[ |
music |
| |
Восьмая Шостаковича, Мравинский, 1961 |
] |
Если романтики, при всей своей декларируемой субъективности, пишут про общечеловеческое, как бы с точки зрения всечеловека, то модернисты вообще и Шостакович в частности предлагают вход в чуждую нам реальность, очевидно чужую, очевидно устроенную не так, как мы, но иным каким-то способом.
Отсюда это ощущение угловатости и неловкости, то отдаляющееся от нашего [моего] понимания, то в каких-то своих проявлениях совпадающее с моим.
Отсюда это ощущение лучей, являющихся чистой интенцией, но вполне осязаемо шарящих сквозь толщу и по поверхности, точно нащупывающих редкие совпадения.

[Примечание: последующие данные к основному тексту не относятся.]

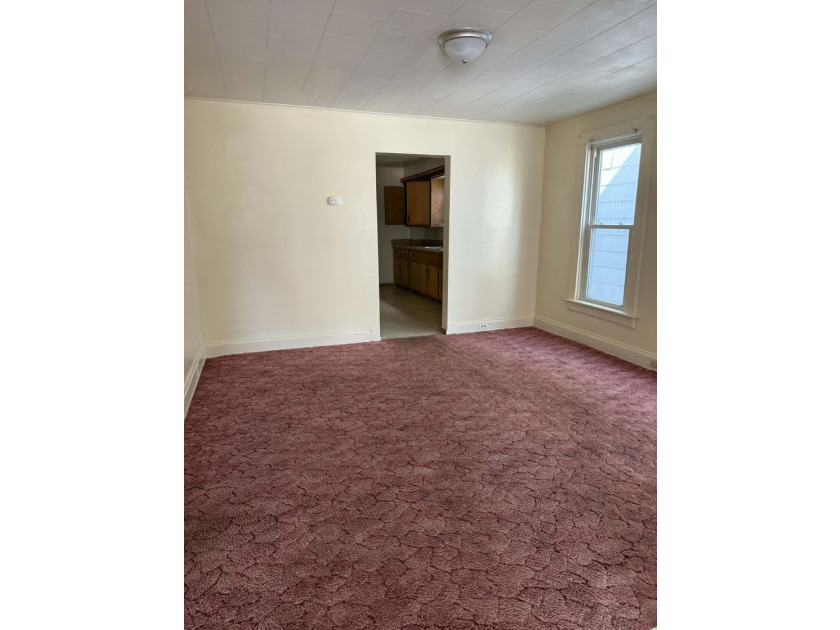 This City of Erie 2-unit has great curb appeal and will make a - photo 2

Важность стихотворения (его значительность и значение) может измеряться протяжённостью подводной незримой части; его замкадовостью, отбрасывающей тень как можно более долгую, длинную. Мало того, чтобы такой текст был не равен самому себе, нёс эхо и провоцирующие читательское сознание коммуникативные механизмы <аттракционы>, надо ещё чтобы воздействие длилось не только в пространстве опыта, но и во времени жизни.
Вот как то, что происходит с картиной, что висит на музейной стене и никого не трогает. Но длительность её воздействия поражает <по-рожает> воображение, через которое она и живёт.